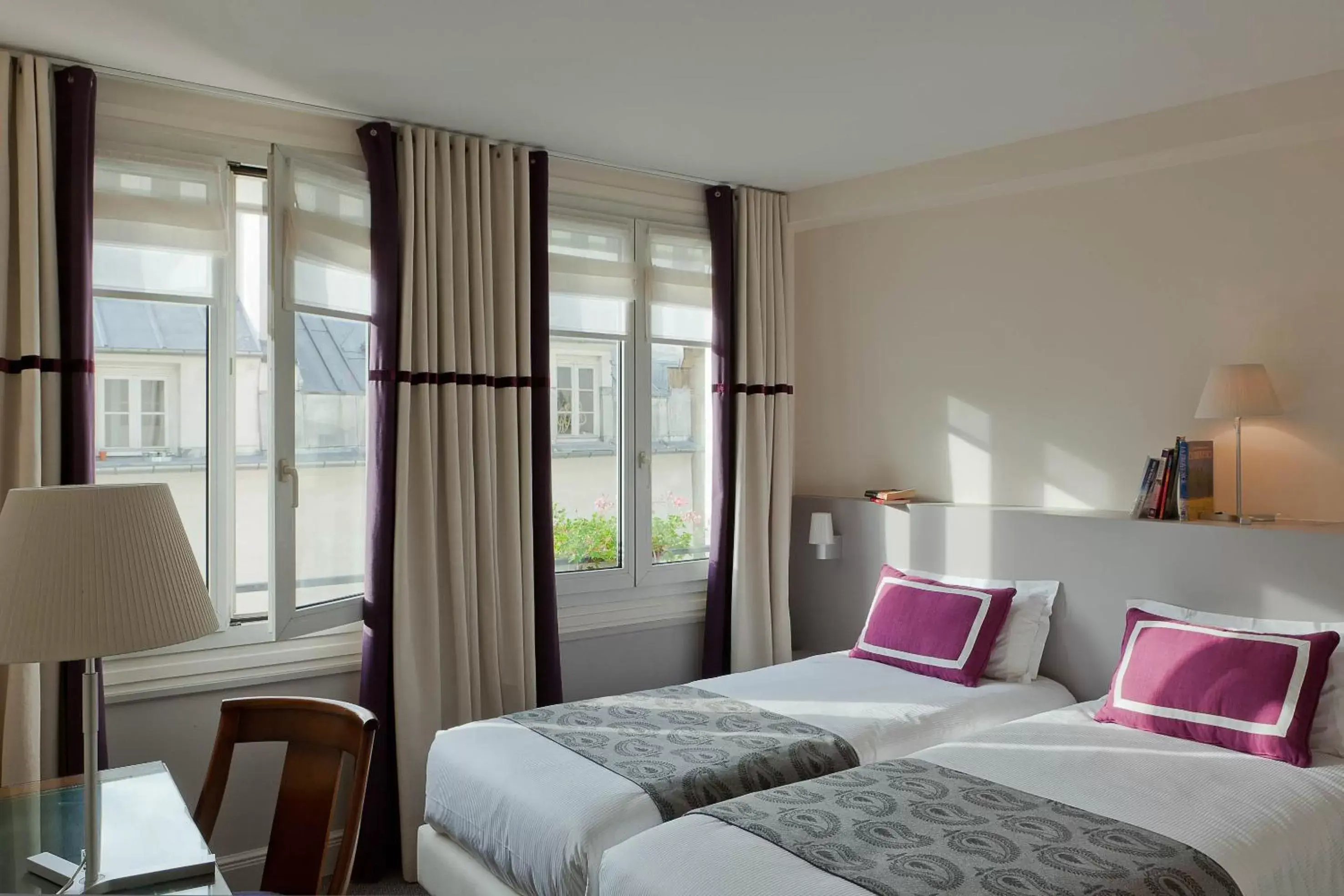 Bedroom, Bed in Hôtel Parc Saint-Séverin - Esprit de France
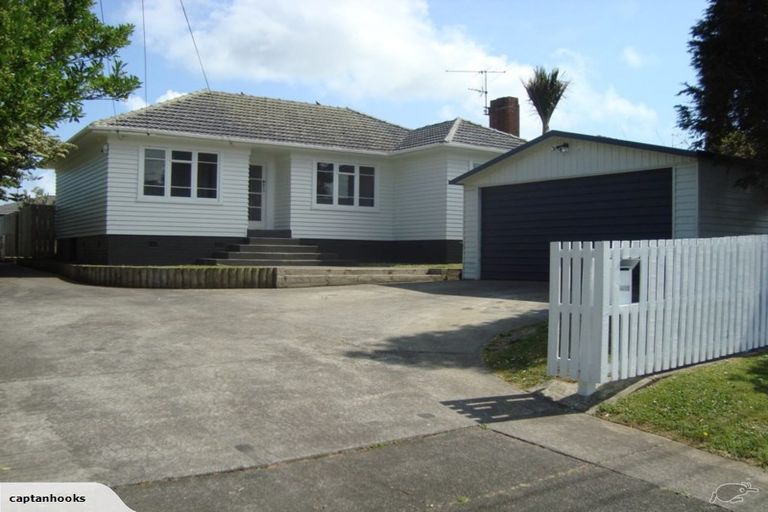 Photo of property in 1/23 Commissariat Road, Mount Wellington, Auckland, 1060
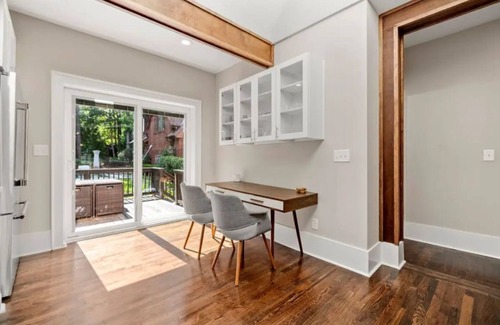 Buckhead House | ᴥᴥ Luxurious 4-Bedroom Free Parking! Pet Friendlyᴥn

● **TASK GOAL**
Leave out every picture and copy verbatim the lines running from the line containing "Photo of property" through the final line of the data.

● **RESULT FOR THIS TASK**
 Photo of property in 1/23 Commissariat Road, Mount Wellington, Auckland, 1060
 Buckhead House | ᴥᴥ Luxurious 4-Bedroom Free Parking! Pet Friendlyᴥn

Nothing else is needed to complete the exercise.